Data under study
Segment Open

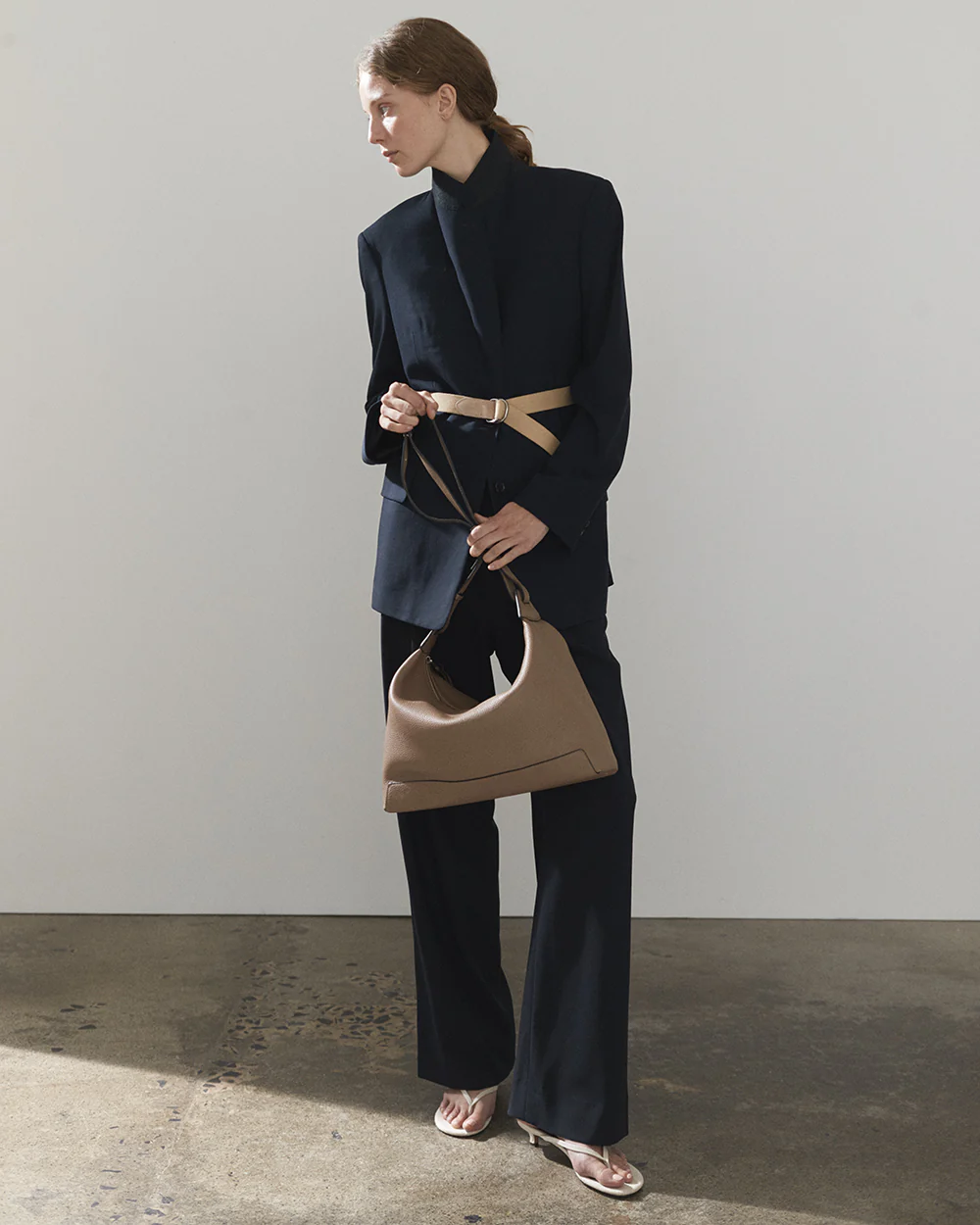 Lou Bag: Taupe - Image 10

Segment Closed
Segment Open

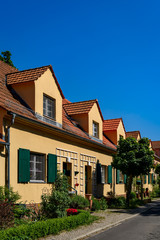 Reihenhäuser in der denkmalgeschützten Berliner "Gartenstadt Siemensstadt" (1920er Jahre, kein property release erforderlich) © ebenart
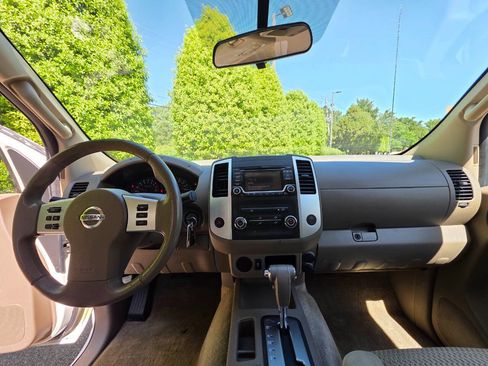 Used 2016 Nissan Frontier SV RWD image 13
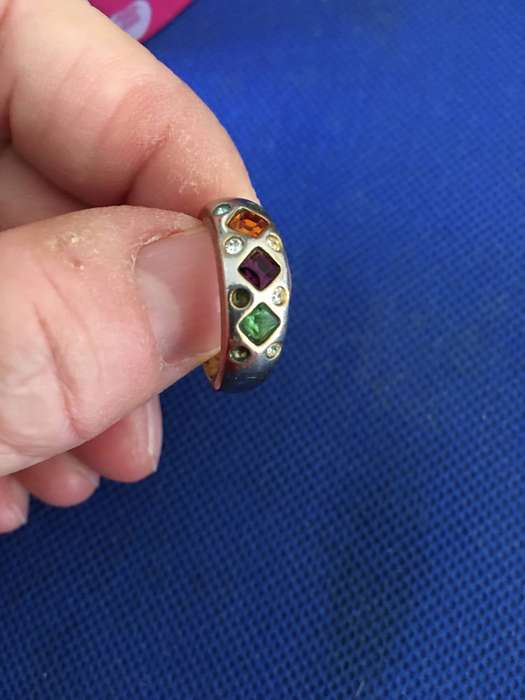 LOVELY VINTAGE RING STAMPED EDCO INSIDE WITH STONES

Segment Closed

What to work on
Find the line with "Reihenhäuser in der" in the data above, and from there retype each line exactly through the line with "LOVELY VINTAGE RING", skipping the pictures along the way.

Solution to the problem
 Reihenhäuser in der denkmalgeschützten Berliner "Gartenstadt Siemensstadt" (1920er Jahre, kein property release erforderlich) © ebenart
 Used 2016 Nissan Frontier SV RWD image 13
 LOVELY VINTAGE RING STAMPED EDCO INSIDE WITH STONES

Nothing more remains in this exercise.